I didn’t say they were blood curdling screams… just the little nagging murmurs… the “what ifs,” that hit you when you realize the monthly cost of having kids is roughly the same as a payment on a Learjet.
For some people it happens at Christmas. But I look at Christmas as more of a head on collision that you can see coming for miles away. You might not be able to get out of the way, but at least you can brace yourself for the impact. The back-to-school season, on the other hand, is more like being sideswiped on an empty back road on a Sunday morning. You don’t think about it until it hits. But the impact leaves you stunned, confused and wondering what happened.
If you don’t have kids you probably don’t know what I’m talking about and you might even think I’m exaggerating. But trust me, these days, the right clothes, accessories and back-to-school supplies for one child cost roughly as much as a two-week vacation in the South of France… but without all the flakey, delicious croissants.

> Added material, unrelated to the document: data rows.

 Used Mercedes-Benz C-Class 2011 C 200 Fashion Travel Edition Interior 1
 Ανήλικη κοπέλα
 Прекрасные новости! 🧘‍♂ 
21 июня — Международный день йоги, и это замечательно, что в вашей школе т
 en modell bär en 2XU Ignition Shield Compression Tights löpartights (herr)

It’s not that I resent the cost of buying paper, pens and pencils. Although I admit, if my fourth grader actually uses “48 – # 2 wood pencils,” in the next 9 months, I’ll have to wonder if he’s eating them as a mid-morning snack. But overall I have no problem buying something that falls under the category of writing implements, or even a distant cousin of writing implements. I DO, however, resent having to buy the following items: baby wipes, Ziploc bags, band-aids, hand sanitizer, hand soap and ace bandages. Those aren’t school supplies they’re a first aid kit. Once we’ve gone that far, what’s next on the “supply” list… coffee and cigarettes?

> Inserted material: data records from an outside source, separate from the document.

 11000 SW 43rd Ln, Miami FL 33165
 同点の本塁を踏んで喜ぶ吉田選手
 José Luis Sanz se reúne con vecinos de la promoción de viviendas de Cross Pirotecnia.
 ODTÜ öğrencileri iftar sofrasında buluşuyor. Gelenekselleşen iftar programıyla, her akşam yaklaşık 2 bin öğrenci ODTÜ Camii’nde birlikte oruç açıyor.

Ok… maybe I sound a litter cynical. But even if you think you’ve gotten through the mind-blowing preparation part of the season… you’ve gotten the haircuts, the new sneakers, and the cool backpack designed to withstand a week on K2… after all that… there’s still the final kicker. That’s the part when your kids expect you to make the final week of the season “special.” After a summer of schlepping around 43 different friends, making 29 trips to the pool and buying 684 bomb pops in a 10-week period, parents still get this question. “Are we actually gonna do something fun before the summer ends?”
Now the kid doesn’t remember all the “fun” stuff he’s gotten to do already because… on average… a kid has the memory of a goldfish… that is, for remembering all you’ve done for him. On the other hand, the endless days of summer can turn a 9-year old into an idiot savant when it comes to keeping track of what you’ve done for his sister or brother. It’s like having your performance reviewed by Rainman. “You played Battleship with him for 47 minutes, but you only played Legos with me for 32. See you don’t even like me.” And by that point, well… you don’t like him, so it’s hard to debate the issue.
The truth is if kids had the wherewithal to organize a national summer association, their motto would be, “what have you done for me lately?” But if the emotional and financial cost of going back to school keeps going up, parents will start developing a motto all their own… “homeschool… when you just can’t afford to get them out of your hair.”